What is expected:
Using the records below, transcribe word for word the stretch from the line that contains "Consmos Lớp Lót" through the line that contains "Escala de produção", both end lines included, and nothing else.

Provided data:
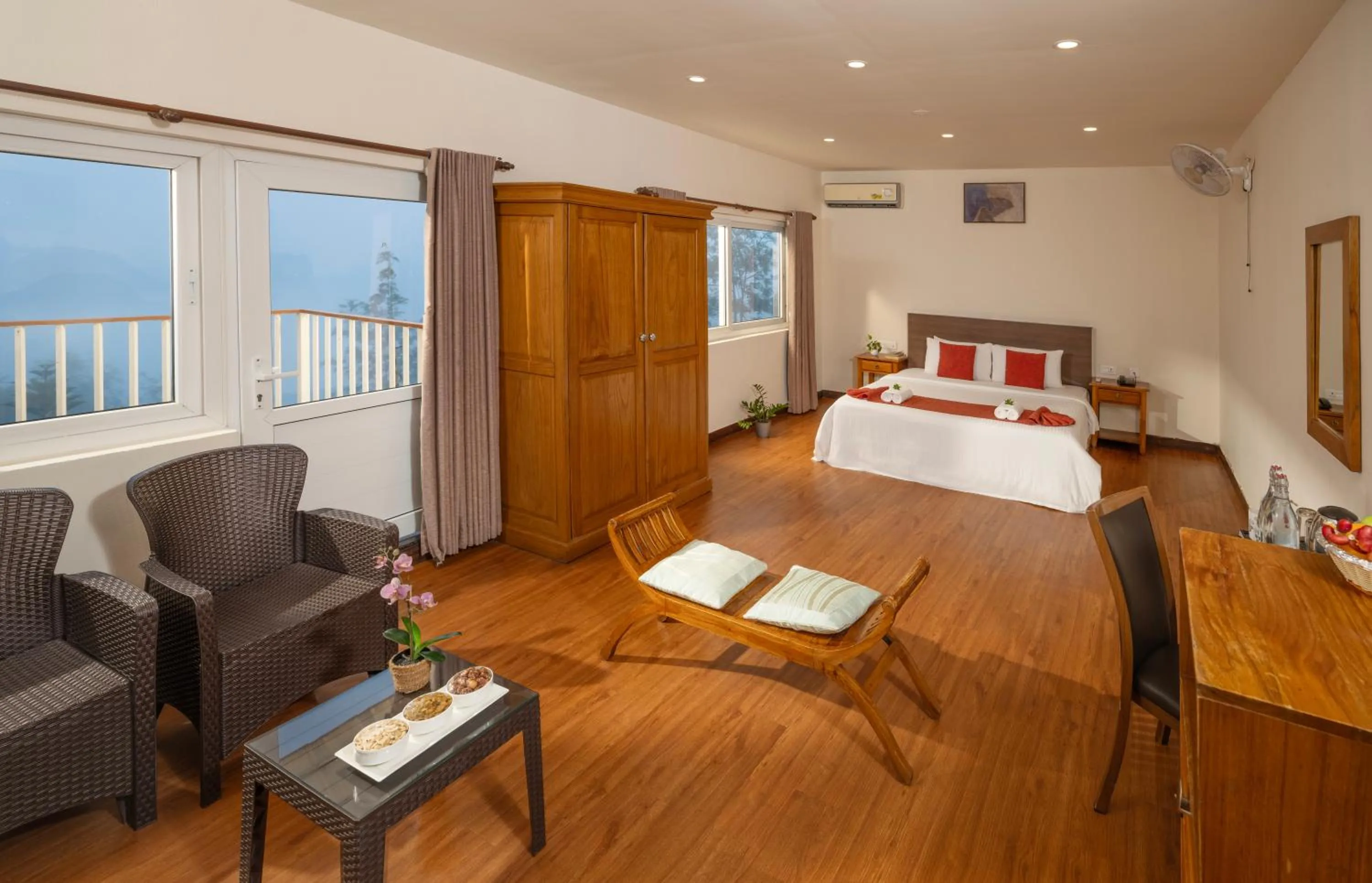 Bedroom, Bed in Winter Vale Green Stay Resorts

...

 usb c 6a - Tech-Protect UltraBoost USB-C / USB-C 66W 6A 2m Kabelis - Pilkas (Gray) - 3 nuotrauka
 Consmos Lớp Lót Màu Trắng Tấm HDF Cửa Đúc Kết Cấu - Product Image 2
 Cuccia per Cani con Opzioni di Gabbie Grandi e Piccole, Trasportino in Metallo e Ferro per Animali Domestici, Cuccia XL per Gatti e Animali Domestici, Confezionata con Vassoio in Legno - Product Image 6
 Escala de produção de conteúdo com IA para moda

Task output:
 Consmos Lớp Lót Màu Trắng Tấm HDF Cửa Đúc Kết Cấu - Product Image 2
 Cuccia per Cani con Opzioni di Gabbie Grandi e Piccole, Trasportino in Metallo e Ferro per Animali Domestici, Cuccia XL per Gatti e Animali Domestici, Confezionata con Vassoio in Legno - Product Image 6
 Escala de produção de conteúdo com IA para moda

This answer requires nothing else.